SO! Cut to: yesterday, April 13, 2019. Seattle Cinerama (the best fucking theater in the state of Washington and probably the Pacific Northwest), is having a 1999 film festival, and they’re playing The Blair Witch Project. I smashed my keyboard at the chance to get tickets to one of my favorite movies, not to mention one that I hadn’t seen in theaters in twenty years and ultimately SHOULD be seen in theaters with the best sound system imaginable. I’m here to tell you, and sorry it took me so long to get to the point of this article, that The Blair Witch Project is still absolutely the scariest god damn movie I have ever seen.

Let me just start by telling ya’ll a little about the atmosphere of this screening. Cinerama is a huge ass theater. This was nowhere near sold out. It was probably 1/3 full. So no, this wasn’t a showing of Marvel Movie #374. The great thing about this was that everyone picked seats that were relatively close to the center of the theater so there was very much an active group experience formed. A Cinerama employee came out to introduce the movie, explaining a bit about how seeing it for the first time at fourteen fucked him up. The audience cheered in recognition. This was an audience who had grown up with this film too. In the same row as me I noticed a kid with his parents, probably not much older than I was when I first saw Blair Witch. He looked excited and nervous, just as I was at the time.

Watching the film again in theaters, at the Cinerama no less, was a reminder that this was not some cheap gimmick that only struck lightening because of an early internet culture that allowed the studio to find an angle that lured in audiences. Yes, the marketing was outstanding and can never be recreated. We’ll never see another found-footage movie and truly believe it might be real. Fortunately, the power of The Blair Witch Project lies not in gimmickry, audience-duping, or clever marketing. It is, plain and simple, a work of sheer filmmaking craftsmanship with a genuine understanding of real human fears. As horror films go, it’s the real deal.

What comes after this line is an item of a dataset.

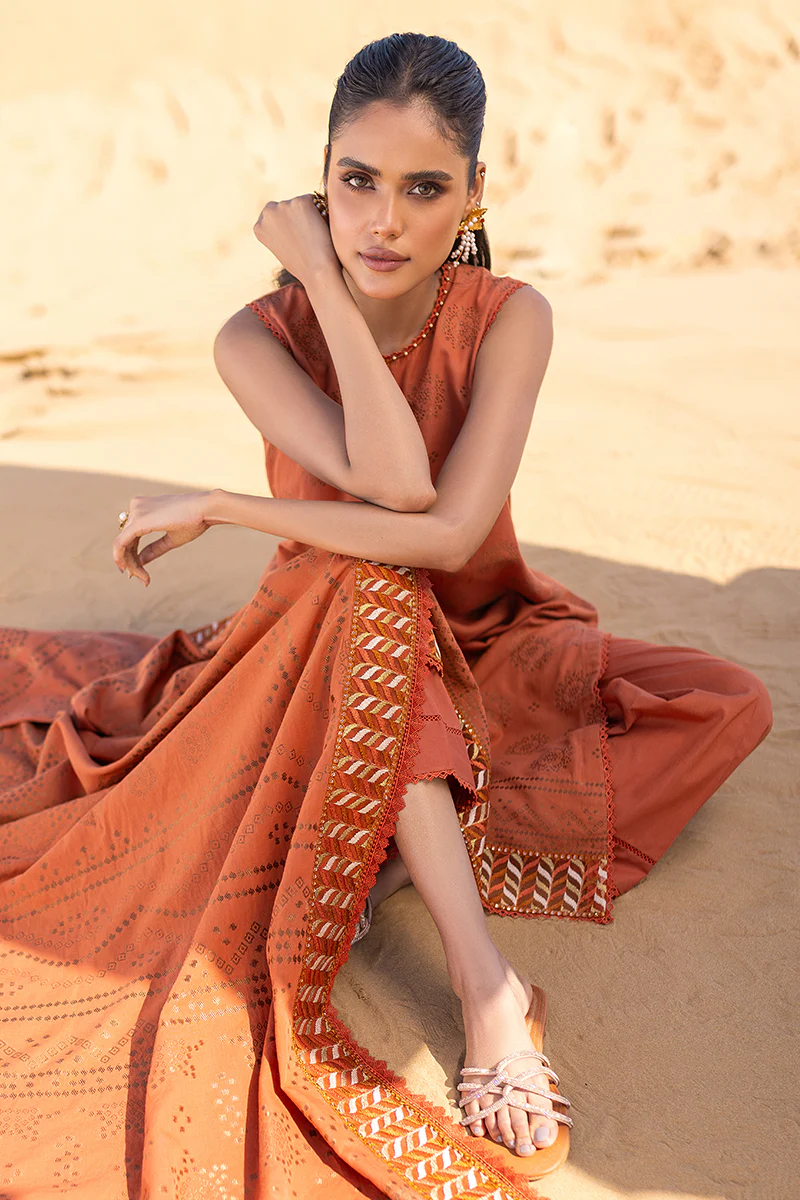 RUSSET DUSK-3 PIECE COTTON JACQUARD SUIT - Image 3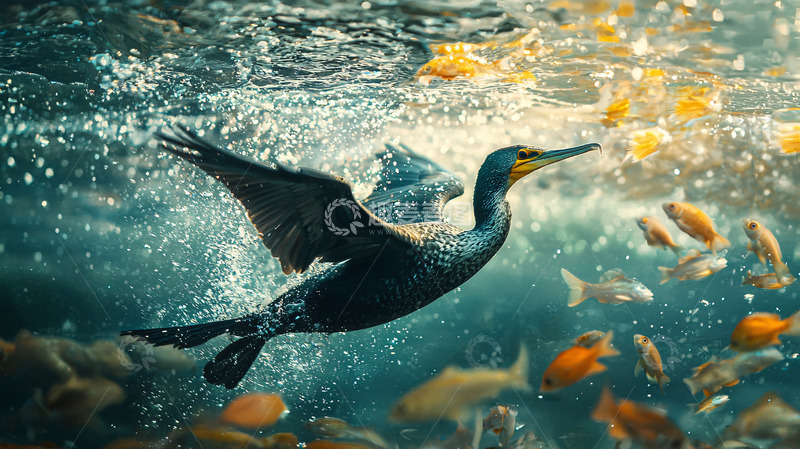 高清大图下载【趣麦麦图】水鸟捕鱼水中飞翔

Yeah, yeah, I’ve heard it all before: “Blair Witch is stupid! Nothing happens! You don’t SEE anything!” Yet, when audiences were given Adam Wingard’s 2016 sequel (enjoyable in its own right) and actually shown the monster at the end, it was met with tepid reactions and basically non-existent box office numbers. The Blair Witch Project utilizes one of the most important elements of fear, if not the single most important, by never showing us the witch. The flawless sound design gives an idea of what is in the woods (the insidious laughter of children, a baby crying in the distance, twigs crackling as if by footsteps), but we never even see a glimpse of the monster, even during the iconic “What the fuck is that? What the fuck is that??” moment. Seeing the movie again, I was reminded how terrifying that feeling is. Whatever our imagination conjures up in our heads is infinitely more terrifying than what the movie could actually show us. The cheap-as-dirt budget is not a hinderance, but an advantage. The raw, grainy video footage mixed with the lack of spot-on visual sightings makes for an experience that feels as real and as urgent as being there.

Now that I’m older and more well-versed in cinema (I think), there are moments in the film that I hadn’t taken into consideration previously that truly underline the horror. For most of the movie, Heather is the character who’s been calling the shots. She’s the director of the documentary they’re filming. She puts herself in charge every step of the way, even while ultimately uncertain about where they are heading. Her singular drive to create something memorable compels her to film at all times, even while Josh and Michael unravel in front of her. In many subsequent found-footage films, we watch as the characters continue to film during insane events in which clearly no one in that situation would actually be filming and it takes you out of the experience. ‘Paranormal Activity 4’ literally features a sequence where the main character carries her laptop around to film scary shit on her webcam. There’s no reason someone would do that at all. Yes, watching a movie sometimes requires a bit of suspension of disbelief, but the more Blair Witch imitations we’ve gotten, the less believable it’s been to see characters trying to film things for no other reason than the audience needs to see it. Directors Sanchez and Myrick brilliantly found a way around this issue, by making Heather’s insistence and ego part of her personality, and by extension, a commentary on the audience themselves, who are, after all, the ultimate voyeurs.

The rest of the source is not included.